Nha San Collective - SWFP3 - Knowledge Exchange - Shifts in Vietnamese Conception of Chinese culture
A series of seminars within Skylines with flying people 3
Nguyen Ban Ga - “Imagining Territories”
Sino-Nom researcher Trần Quang Đức – “Shifts in Vietnamese Conception of Chinese culture”
Sunday, 28.08.2016, 16:00 – 18:30
Nha San Collective, 15th floor, Hanoi Creative City, 1 Luong Yen, Hanoi
Skylines with flying people 3 expands the artistic territory to the field of social sciences and humanities. Organized within the scope of SWFP 3, Knowledge exchange seminars aim to increase awareness of a contemporary Vietnam and to promote dialogues and collaborations amongst different fields and communities, so as to generate new knowledge as well as diverse and creative initiatives.
Each seminar follows subject matters that are relevant to the 12 sub-projects within Skylines with flying people 3, with discussions conducted by an artist and an expert in another discipline such as history, archeology, sociology, etc. Knowledge exchange seminars will be held from March 2016 to December 2016 at different venues in Hanoi.
The second seminar will be the presentation and discussion between Sino-Nom researcher Trang Quang Duc and Nguyen Ban Ga, participating artist of Skylines with flying people 3.
The seminar will be held only in Vietnamese. Please register for English interpretation at the entrance if needed!
Moderator: Lê Thuận Uyên
* Nguyễn Ban Ga - “Imagining Territories”
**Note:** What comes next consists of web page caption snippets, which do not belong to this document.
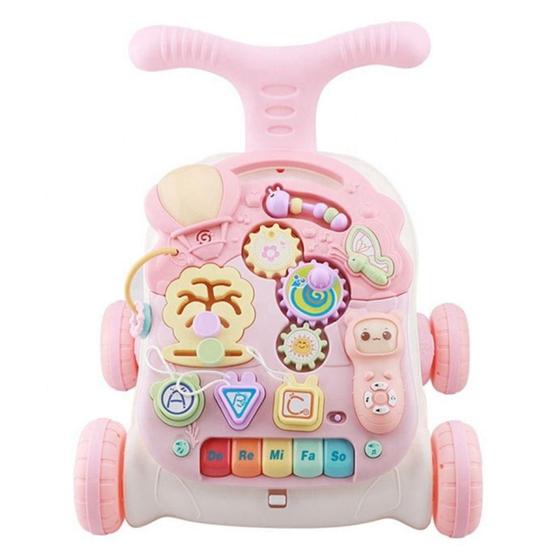 Andador Bebê Didático Vira Mesa 2 em 1 Rosa Baby Style Menor preço em Andador Bebê Didático Vira Mesa 2 em 1 Rosa Baby Style
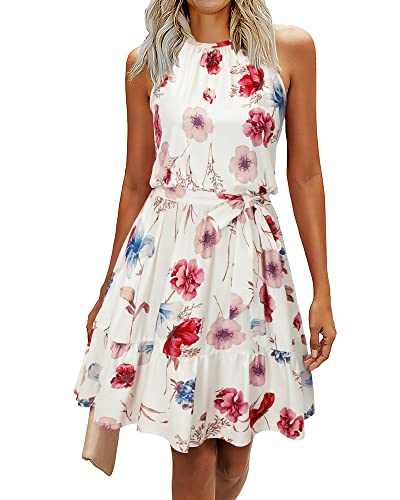 Newshows Sommerkleid Damen Knielang Elegant Kleid Neckholder Sommer Ärmellos Freizeitkleider mit Taschen(Floral-4, S)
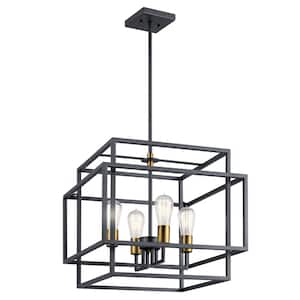 Taubert 4-Light Black/Natural Brass Mid-Century Modern Cage Kitchen Pendant Hanging Light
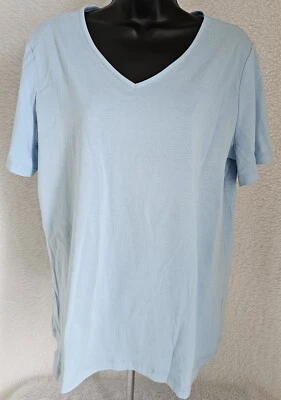 Coral Bay Womens Shirt Top Blouse Size L Large Short Sleeve V Neck Blue - Image 1 of 4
“Imagining Territories” is Ban Ga’s contemplation of his obscure fear for a potential sovereignty infringement. Traveling to Quảng Yên province, Việt Nam’s northern borders and the Lý Sơn islands, locations associated with Vietnam's proud national defence tradition, the project is a journey of reflection during which the artist investigates various aspects of political frameworks that have shaped each and every Vietnamese.
* Sino-Nom researcher Trần Quang Đức – “Shifts in Vietnamese Conception of Chinese culture”
The period during the early twentieth century could be considered a turning point in the history of Vietnam. As the country transitioned from feudal monarchy to a semi-feudal and semi-colonial framework, a series of complex transformations also emerged, resulting in numerous disparities between the modern Vietnamese and their ancestors. Ideologies, perceptions, ways of living, views on cultural influences from China etc. were put into question and called for re-examination.
In the past, Vietnamese monarchs used to consider the Chinese culture an advanced and intellectual one, and deliberately absorbed it. Some even identified themselves as Huaxia or Han people, while deeming the dynasties of Mongolian Yuan and Manchus Qing barbarians. On this basis, multiple local cultural characteristics - even though distinctively different - shared several similarities with those of China. The modern Vietnamese - having experienced major cultural and political paradigm shifts and with an antipathy toward the expansion of the communist China - have a very different outlook on China, especially when the cultural domain is concerned. Such state of affairs constitutes a complex obsession known as Sinomania.
Nguyễn Ban Ga, studied at the Việt Nam University of Fine Arts and is now living and working in Hà Nội. Ban Ga is one of the founders of Hanoi Link - a collective of young video artists, and an active member of Nhà Sàn Collective. Ban Ga also works at Hà Nội DOCLAB - Centre of Documentary and Experimental film located at the Goethe Institut, where he teaches short courses on filmmaking. Although video art is his primary medium, Ban Ga also works with painting and performance art to express his perspective on issues that contemporary Vietnamese society is facing.
Trần Quang Đức, b. 1985, is an independent Sino-Nom researcher. Following a period of study at the Vietnam National University, he won a scholarship to further his education at the Beijing University where he graduated in 2009. Quang Đức has worked at Nha Nam Culture and Media company and the Institute of Literature. He is active in the field of education, and is currently researching on the topics of Vietnamese ancient and medieval culture and history. His debut studies, A Thousand Years of Attires, received the “New Findings” prize at the Good Book Award in 2014. His translation of the Basic Annals section from Sima Qian's Shǐjì (Records of the Grand Historian) was published in late 2014.